* [The problem]:
From the line with "Step one of" to the end of the data below, restate each line word for word, both ends included, without the pictures.

Segment Open

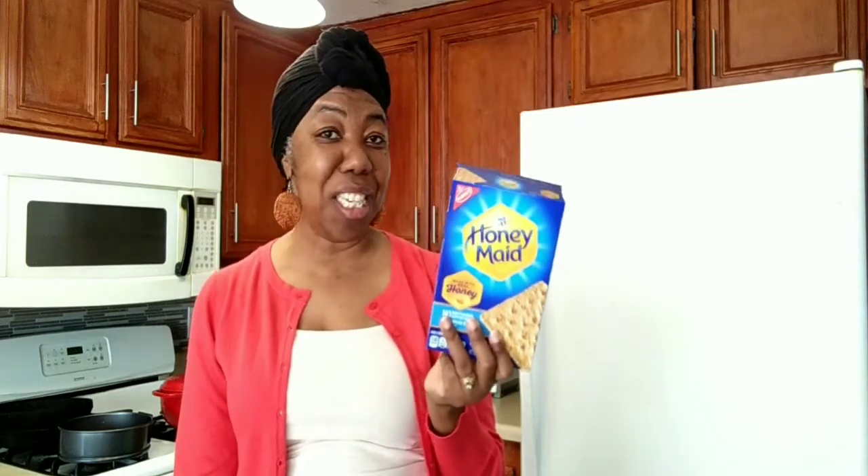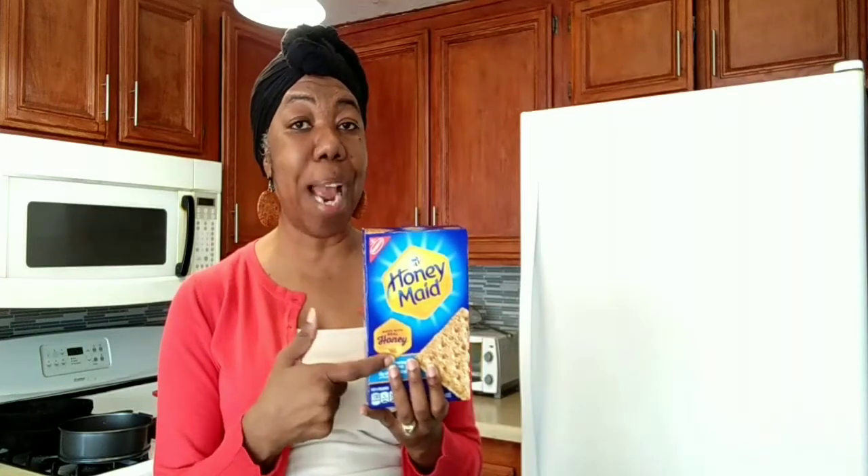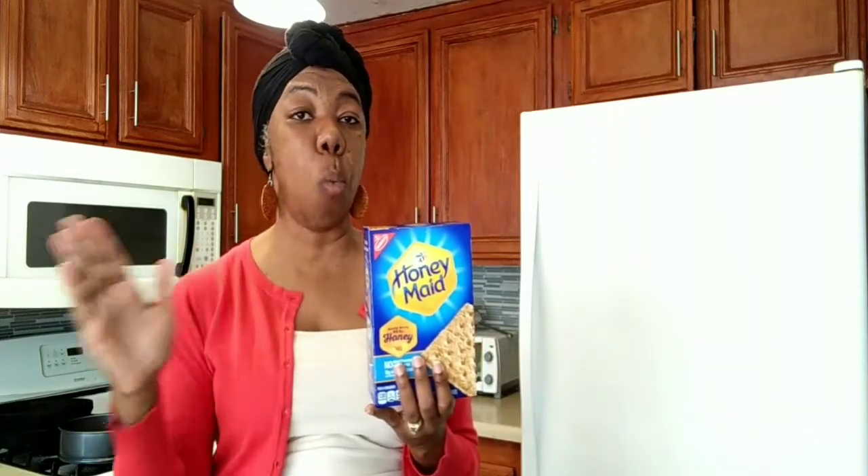In her video she used something called tennis biscuits. Well, I wasn't able to find tennis biscuits, but I already had graham crackers. So today I'll be using graham crackers in my cheesecake. She used 200 grams of tennis biscuits, and 200 grams is about one cup.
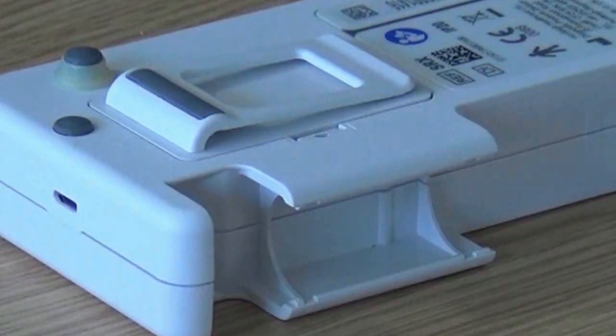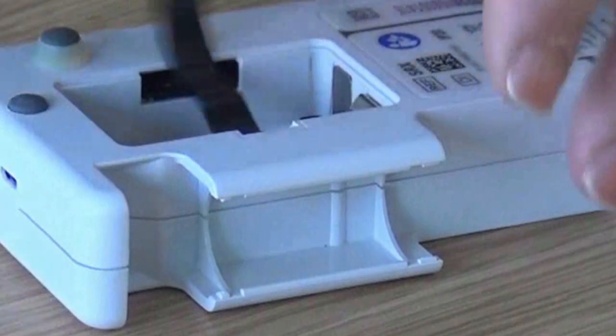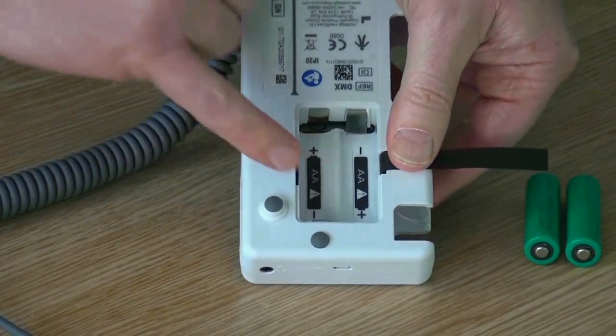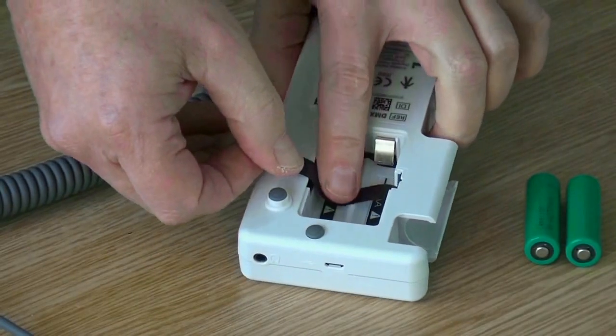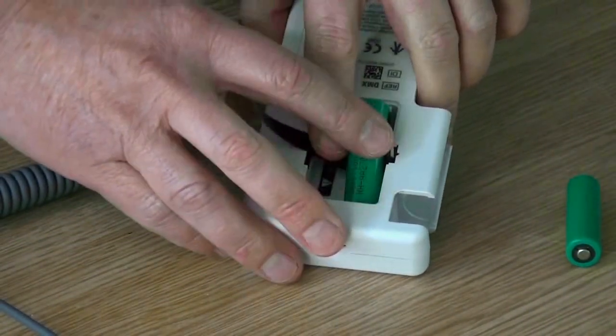With the Doppler lying face down on a flat surface, use a small tool to unclip the battery case. You will see a helpful illustration on the inside of the case showing the correct positioning for the batteries. When inserting the batteries make sure that the black strip is placed underneath and re-clip the battery cover.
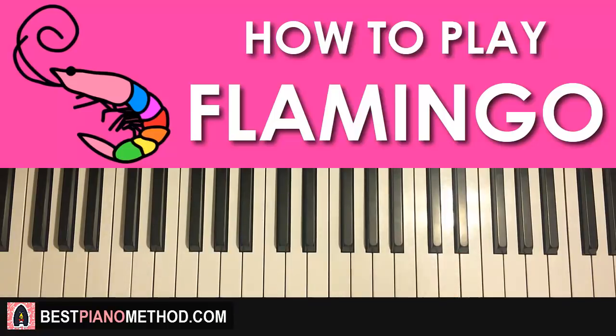Moving on to the third part — something amazing: the third part is exactly the same as the first part, so we don't have to learn anything new.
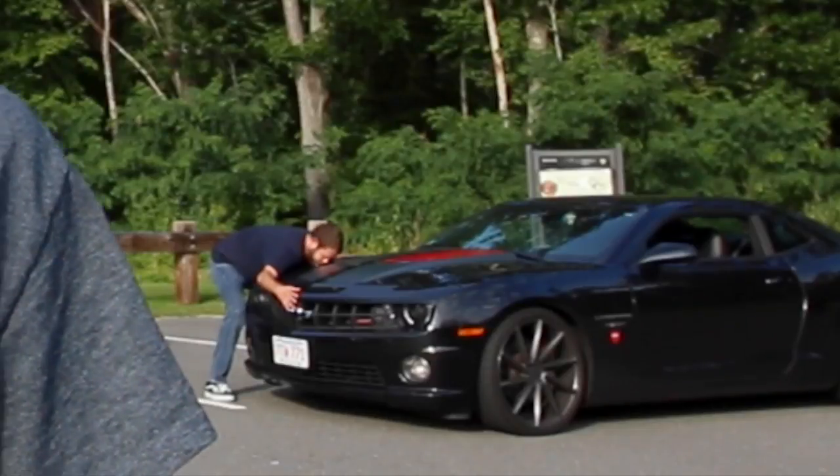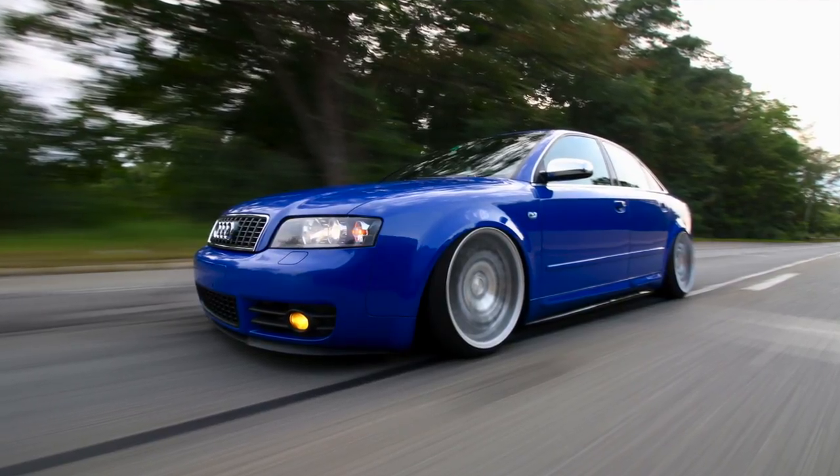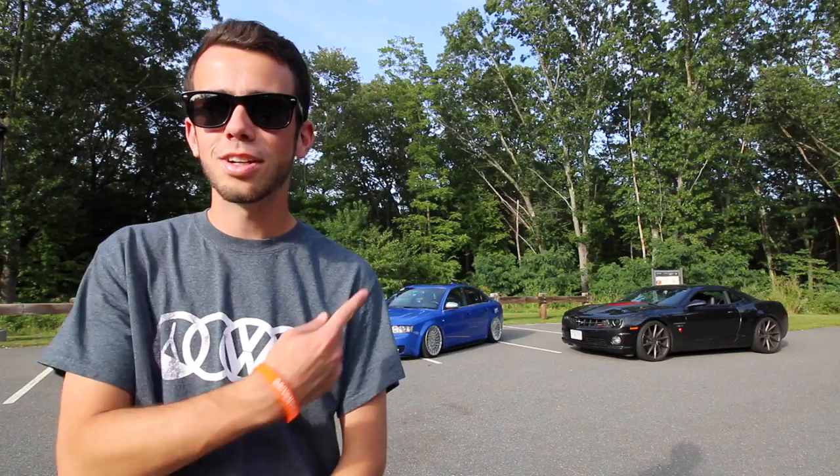Step one of taking a rolling shot: find a car to ride shotgun in. We're in Jeff's car, Brandon's behind us and will come up on the passenger side. A good rule of thumb for shutter speed is one over the speed you're doing — so if you're going 60 miles per hour, set the shutter speed to 1/60th of a second. Get a couple good shots there, then slow it down to maybe 1/40 or 1/30, keeping in mind that a longer shutter makes camera shake more likely. Jeff's car is aired out.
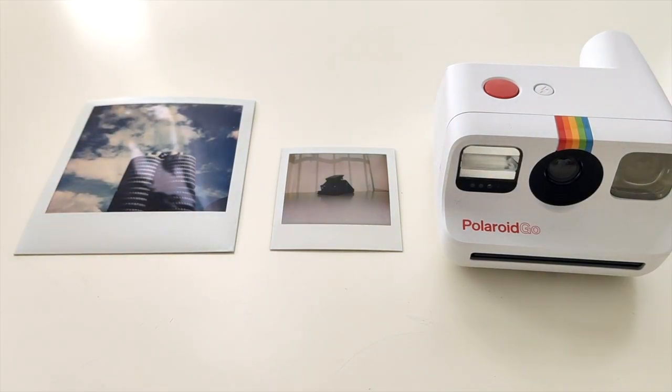Thank you very much for watching! I will use it quite often over the next few days and the following week. Soon I will post a follow-up video on how it performs in real life. Subscribe to stay tuned for more Polaroid videos!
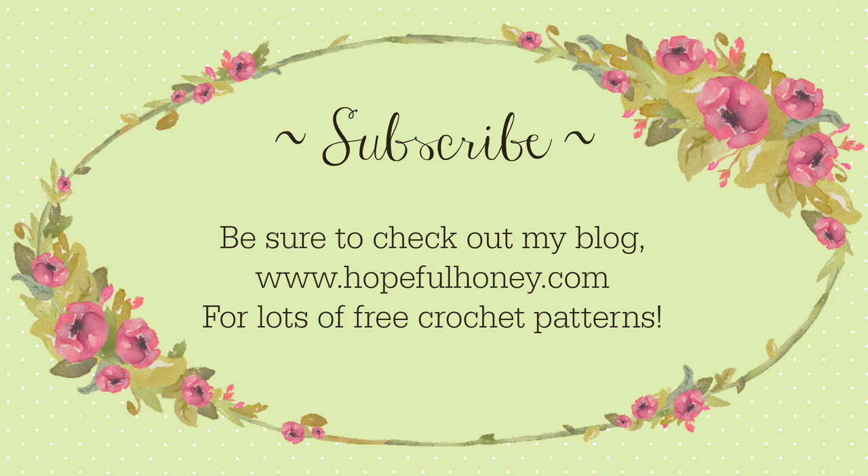Be sure to check out my blog, hopefulhoney.com, for lots of free crochet patterns. If you enjoyed this tutorial, please thumbs it up, share and subscribe.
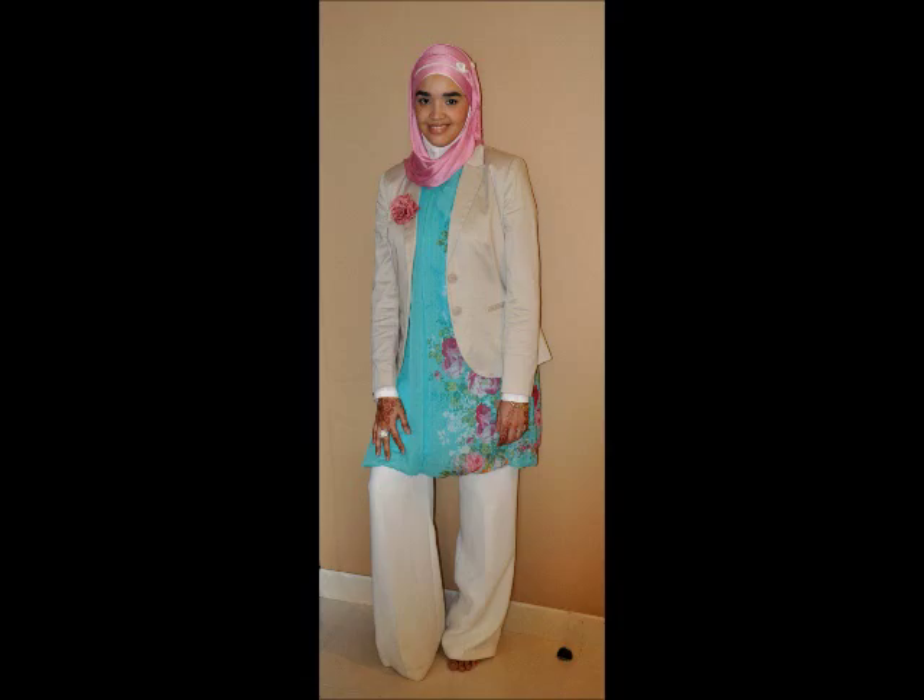I managed to finish before my battery died! Thank you so much for watching my videos. I really appreciate your views, likes, and comments — I love to hear from you. Comment and let me know how your Eid was and if you liked this hijab tutorial. Jazakumullah Khair, have a blessed Eid, and I'll see you in my next video, InshaAllah. Assalamualaikum!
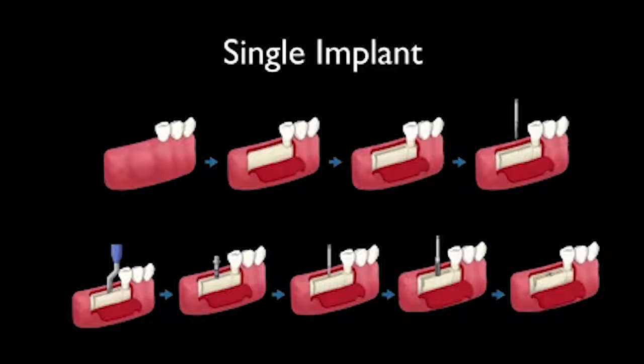This is a pilot drill to drill to the position where I want the implant to be. Then I use a flat osteotome to expand the ridge. And these are expanders, gradually expanded.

Segment Closed

* [Output of the task]:
Step one of taking a rolling shot: find a car to ride shotgun in. We're in Jeff's car, Brandon's behind us and will come up on the passenger side. A good rule of thumb for shutter speed is one over the speed you're doing — so if you're going 60 miles per hour, set the shutter speed to 1/60th of a second. Get a couple good shots there, then slow it down to maybe 1/40 or 1/30, keeping in mind that a longer shutter makes camera shake more likely. Jeff's car is aired out.
Thank you very much for watching! I will use it quite often over the next few days and the following week. Soon I will post a follow-up video on how it performs in real life. Subscribe to stay tuned for more Polaroid videos!
Be sure to check out my blog, hopefulhoney.com, for lots of free crochet patterns. If you enjoyed this tutorial, please thumbs it up, share and subscribe.
I managed to finish before my battery died! Thank you so much for watching my videos. I really appreciate your views, likes, and comments — I love to hear from you. Comment and let me know how your Eid was and if you liked this hijab tutorial. Jazakumullah Khair, have a blessed Eid, and I'll see you in my next video, InshaAllah. Assalamualaikum!
This is a pilot drill to drill to the position where I want the implant to be. Then I use a flat osteotome to expand the ridge. And these are expanders, gradually expanded.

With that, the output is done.